- What the task asks
Would you return the entries below exactly from the line containing "南礦集團董事長李順山接受媒體" onward, ending with the final line and including it, and nothing else?

- Study material
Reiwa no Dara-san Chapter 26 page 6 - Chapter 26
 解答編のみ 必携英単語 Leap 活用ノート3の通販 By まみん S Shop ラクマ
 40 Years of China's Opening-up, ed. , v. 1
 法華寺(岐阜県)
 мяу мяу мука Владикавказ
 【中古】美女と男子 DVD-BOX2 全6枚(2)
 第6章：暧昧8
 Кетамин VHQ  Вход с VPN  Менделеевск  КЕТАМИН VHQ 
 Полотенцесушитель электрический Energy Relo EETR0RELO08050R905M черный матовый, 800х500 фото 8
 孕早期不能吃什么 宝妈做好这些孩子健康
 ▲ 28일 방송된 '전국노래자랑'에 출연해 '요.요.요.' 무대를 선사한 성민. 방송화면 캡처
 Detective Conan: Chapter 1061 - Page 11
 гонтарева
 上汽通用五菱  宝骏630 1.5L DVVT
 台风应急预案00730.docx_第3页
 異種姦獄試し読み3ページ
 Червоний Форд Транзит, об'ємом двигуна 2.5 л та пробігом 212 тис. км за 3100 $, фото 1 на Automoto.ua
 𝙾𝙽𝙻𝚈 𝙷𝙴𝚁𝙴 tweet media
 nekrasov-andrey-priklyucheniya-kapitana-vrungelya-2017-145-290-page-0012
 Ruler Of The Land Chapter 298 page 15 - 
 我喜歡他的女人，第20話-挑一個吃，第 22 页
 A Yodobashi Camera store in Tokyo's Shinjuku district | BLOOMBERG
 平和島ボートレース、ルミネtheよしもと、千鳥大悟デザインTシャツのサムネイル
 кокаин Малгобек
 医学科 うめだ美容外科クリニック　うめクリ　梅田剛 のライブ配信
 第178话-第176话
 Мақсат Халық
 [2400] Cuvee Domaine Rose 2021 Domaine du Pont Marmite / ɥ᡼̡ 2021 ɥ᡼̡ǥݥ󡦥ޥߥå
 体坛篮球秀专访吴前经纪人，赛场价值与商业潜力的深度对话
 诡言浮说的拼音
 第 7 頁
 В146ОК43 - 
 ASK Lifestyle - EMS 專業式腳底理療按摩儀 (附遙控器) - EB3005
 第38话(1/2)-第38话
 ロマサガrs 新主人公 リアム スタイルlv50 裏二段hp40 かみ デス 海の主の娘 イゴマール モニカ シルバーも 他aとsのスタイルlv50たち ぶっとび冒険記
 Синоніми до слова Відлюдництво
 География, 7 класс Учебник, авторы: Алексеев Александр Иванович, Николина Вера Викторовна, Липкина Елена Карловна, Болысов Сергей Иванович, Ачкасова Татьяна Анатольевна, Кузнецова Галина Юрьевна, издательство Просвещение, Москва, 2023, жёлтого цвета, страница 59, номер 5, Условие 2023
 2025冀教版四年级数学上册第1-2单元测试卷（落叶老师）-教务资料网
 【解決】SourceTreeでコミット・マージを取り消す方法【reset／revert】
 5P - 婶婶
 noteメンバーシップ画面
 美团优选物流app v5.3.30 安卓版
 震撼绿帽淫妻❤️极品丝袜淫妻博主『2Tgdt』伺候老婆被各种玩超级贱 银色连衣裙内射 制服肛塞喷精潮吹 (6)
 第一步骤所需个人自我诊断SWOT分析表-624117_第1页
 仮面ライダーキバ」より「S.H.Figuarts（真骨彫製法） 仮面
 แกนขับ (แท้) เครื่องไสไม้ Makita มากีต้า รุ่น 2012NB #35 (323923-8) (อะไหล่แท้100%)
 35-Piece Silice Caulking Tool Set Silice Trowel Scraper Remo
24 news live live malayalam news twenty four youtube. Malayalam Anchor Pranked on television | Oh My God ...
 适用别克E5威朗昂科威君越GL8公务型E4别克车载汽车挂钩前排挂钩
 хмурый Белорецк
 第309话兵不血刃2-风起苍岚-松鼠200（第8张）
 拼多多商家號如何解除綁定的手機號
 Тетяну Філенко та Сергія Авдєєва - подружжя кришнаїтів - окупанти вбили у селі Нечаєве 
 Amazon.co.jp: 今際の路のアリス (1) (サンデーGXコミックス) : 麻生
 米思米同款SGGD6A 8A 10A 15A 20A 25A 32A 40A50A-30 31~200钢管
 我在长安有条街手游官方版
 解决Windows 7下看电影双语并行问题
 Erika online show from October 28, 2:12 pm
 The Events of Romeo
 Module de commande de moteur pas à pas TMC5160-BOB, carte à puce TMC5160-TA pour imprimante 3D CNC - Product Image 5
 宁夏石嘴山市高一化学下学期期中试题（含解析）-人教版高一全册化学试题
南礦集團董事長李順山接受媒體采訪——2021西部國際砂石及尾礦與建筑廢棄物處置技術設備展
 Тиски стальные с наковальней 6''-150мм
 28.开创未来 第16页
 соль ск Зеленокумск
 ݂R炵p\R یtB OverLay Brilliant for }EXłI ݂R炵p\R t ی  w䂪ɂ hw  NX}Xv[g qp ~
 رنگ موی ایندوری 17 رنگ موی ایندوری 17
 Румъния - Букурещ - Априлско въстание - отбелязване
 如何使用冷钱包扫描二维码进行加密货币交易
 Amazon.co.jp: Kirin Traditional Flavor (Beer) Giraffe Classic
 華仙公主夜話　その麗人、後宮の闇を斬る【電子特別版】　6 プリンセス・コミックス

- Answer for the task
南礦集團董事長李順山接受媒體采訪——2021西部國際砂石及尾礦與建筑廢棄物處置技術設備展
 Тиски стальные с наковальней 6''-150мм
 28.开创未来 第16页
 соль ск Зеленокумск
 ݂R炵p\R یtB OverLay Brilliant for }EXłI ݂R炵p\R t ی  w䂪ɂ hw  NX}Xv[g qp ~
 رنگ موی ایندوری 17 رنگ موی ایندوری 17
 Румъния - Букурещ - Априлско въстание - отбелязване
 如何使用冷钱包扫描二维码进行加密货币交易
 Amazon.co.jp: Kirin Traditional Flavor (Beer) Giraffe Classic
 華仙公主夜話　その麗人、後宮の闇を斬る【電子特別版】　6 プリンセス・コミックス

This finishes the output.